The school choice advocacy group EdChoice and Braun Research, Inc. surveyed a representative sample more than 530 public school parents and more than 1,800 members of the general public. But this year the groups also conducted online interviews with 777 public school teachers.

Only a little more than 1 in 4 teachers said they would recommend their profession as a career for a friend or colleague. By contrast, 42 percent of teachers said they would actively try to convince the friend not to become a teacher.

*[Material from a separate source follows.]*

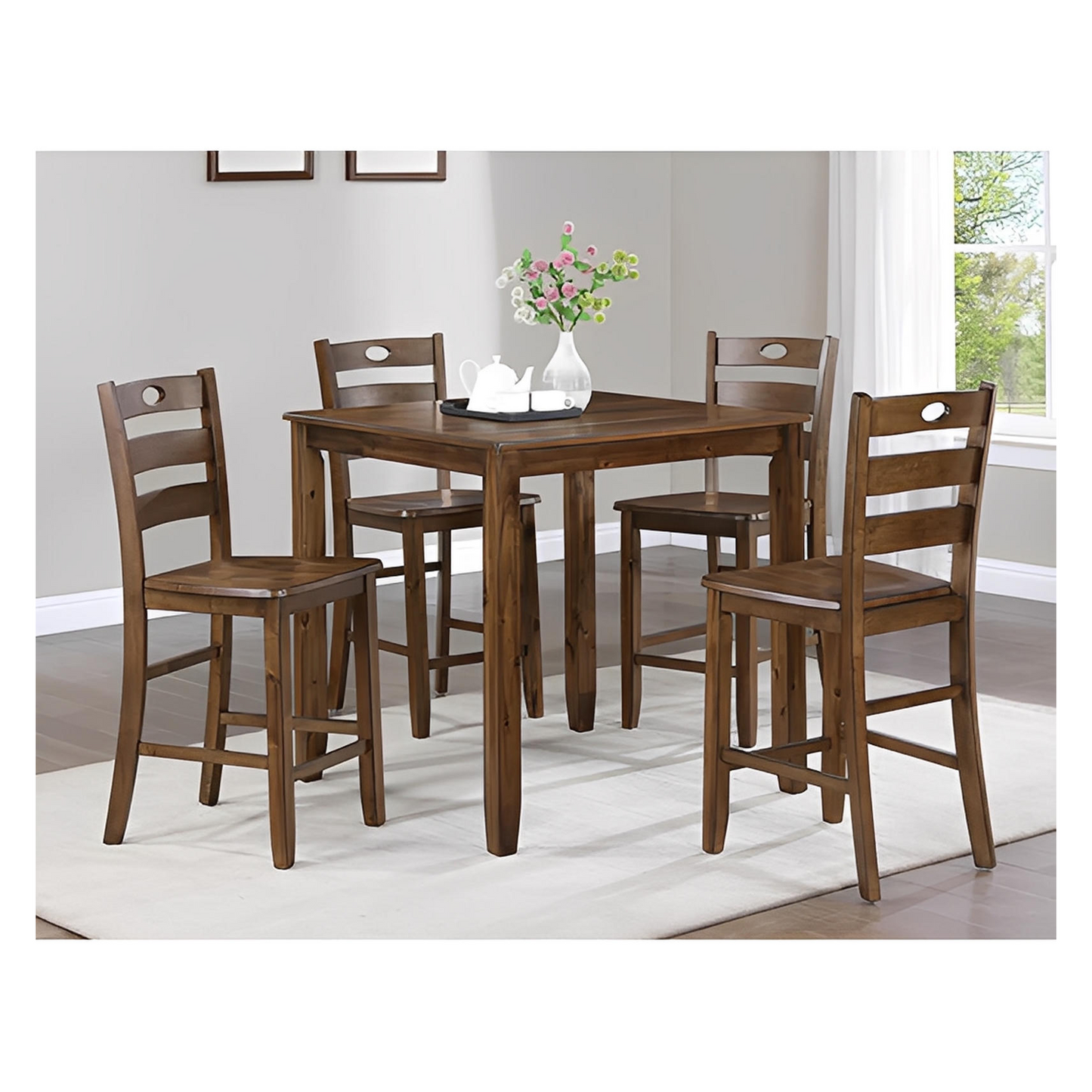 Ashton 5-PC Counter Height Table & 4) Chairs; Woodgrain Finish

To put that in context, active-duty military personnel are more likely to recommend their jobs to others than teachers are.

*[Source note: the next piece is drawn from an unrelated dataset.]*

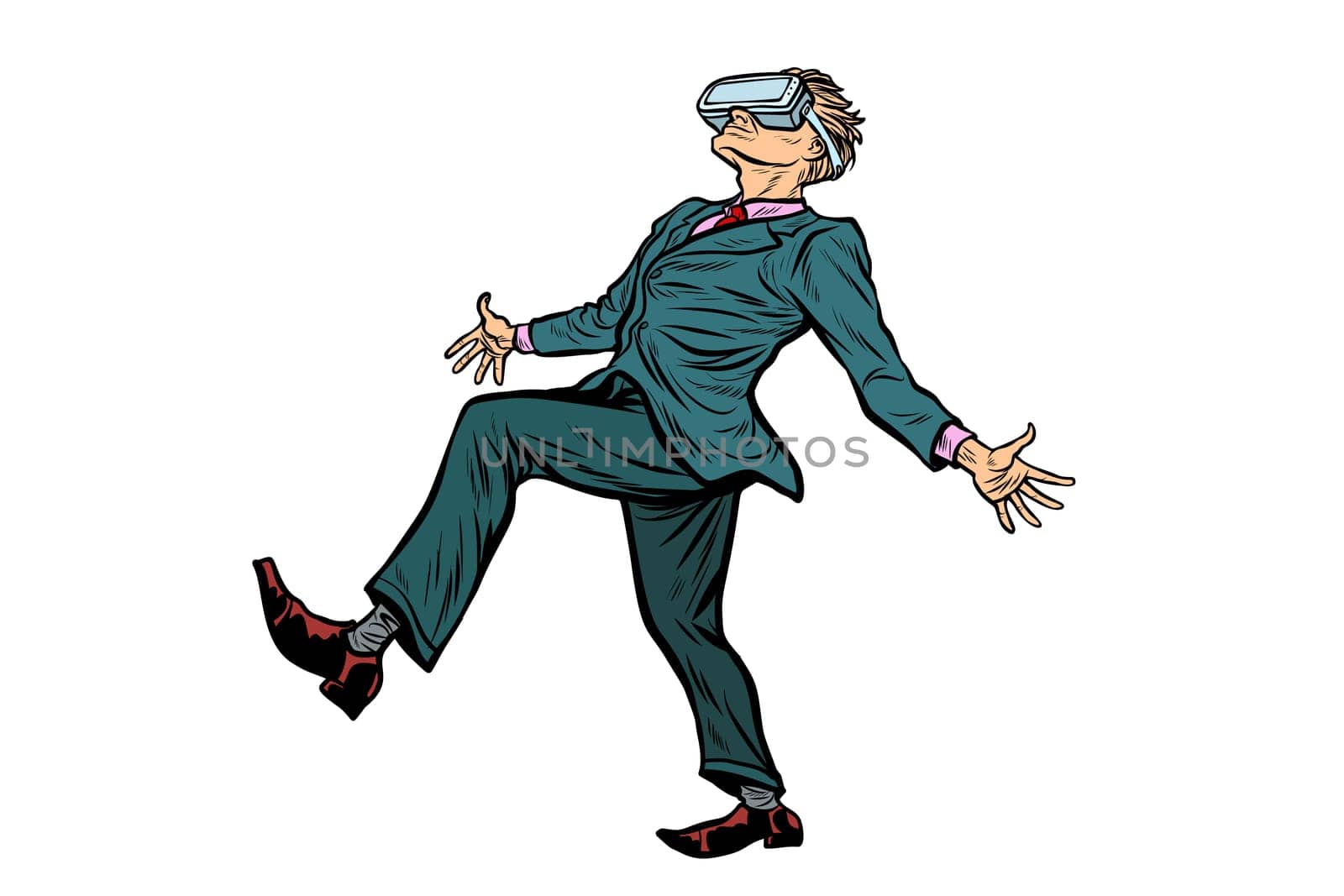 man playing virtual reality VR glasses. Isolated on white background. Pop art retro vector illustration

The findings, which were mirrored among both newer and more experienced teachers in many parts of the country, “suggest the 2018 protests, walkouts, and general angst may reflect deeper issues and challenges within the profession—perhaps beyond teacher pay and school funding—that frustrate a large swath of public school educators across the country,” the report noted.

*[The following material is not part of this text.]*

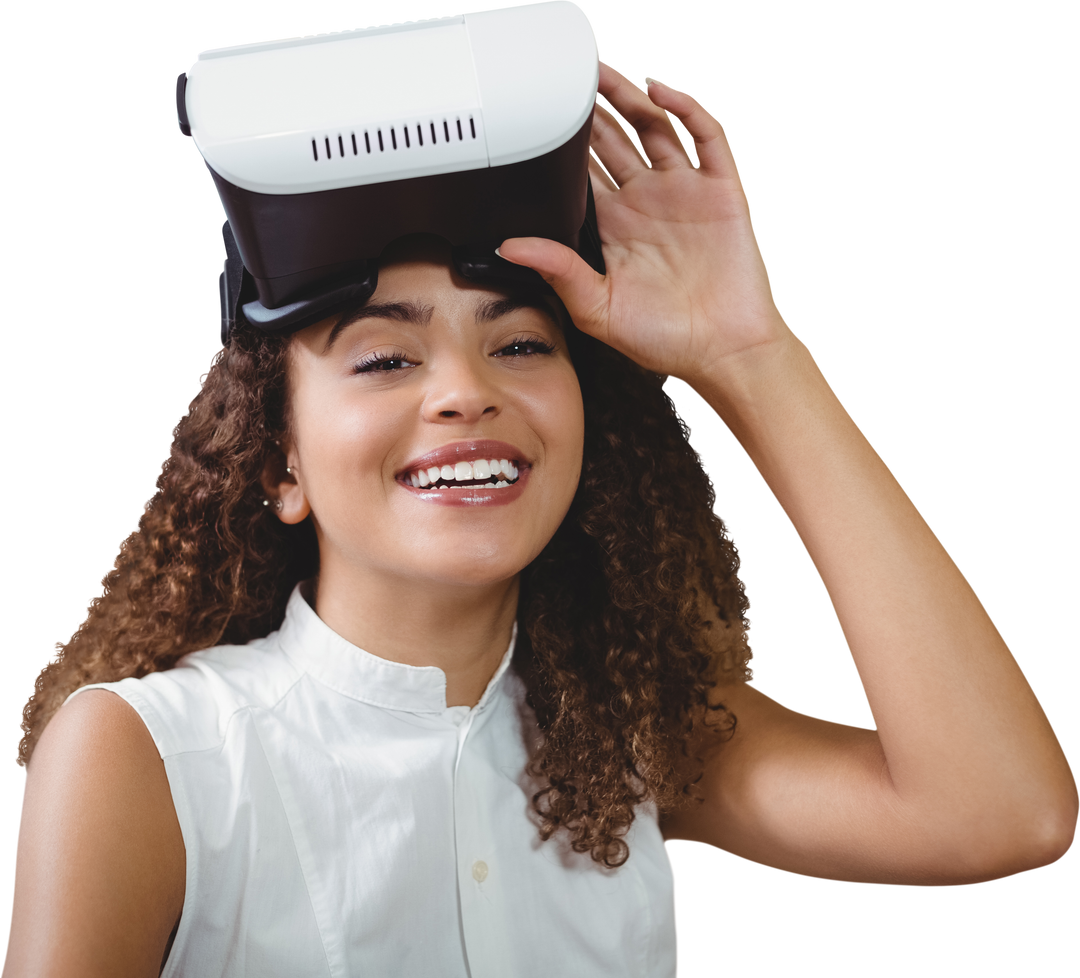 Happy Woman Wearing Transparent Virtual Reality Simulator - Download Free Stock Images Pikwizard.com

Those responses echo many other recent surveys. In the PDK-Gallup education survey earlier this year, in which more than 60 percent of Americans said they trusted their children’s teachers and supported paying them more, but a majority also said they wouldn’t encourage their own children to become teachers, considering the profession “undervalued and underpaid.”

While the EdChoice survey did not dig into many potential reasons for the discontent, it did find crumbling trust between teachers and other education stakeholders. Some of these findings seem a bit counterintuitive—teachers say they trust their principals more than their union leadership!—but it may also be that they trust the people the work more closely with over those that seem further removed, like state and federal bureaucracy.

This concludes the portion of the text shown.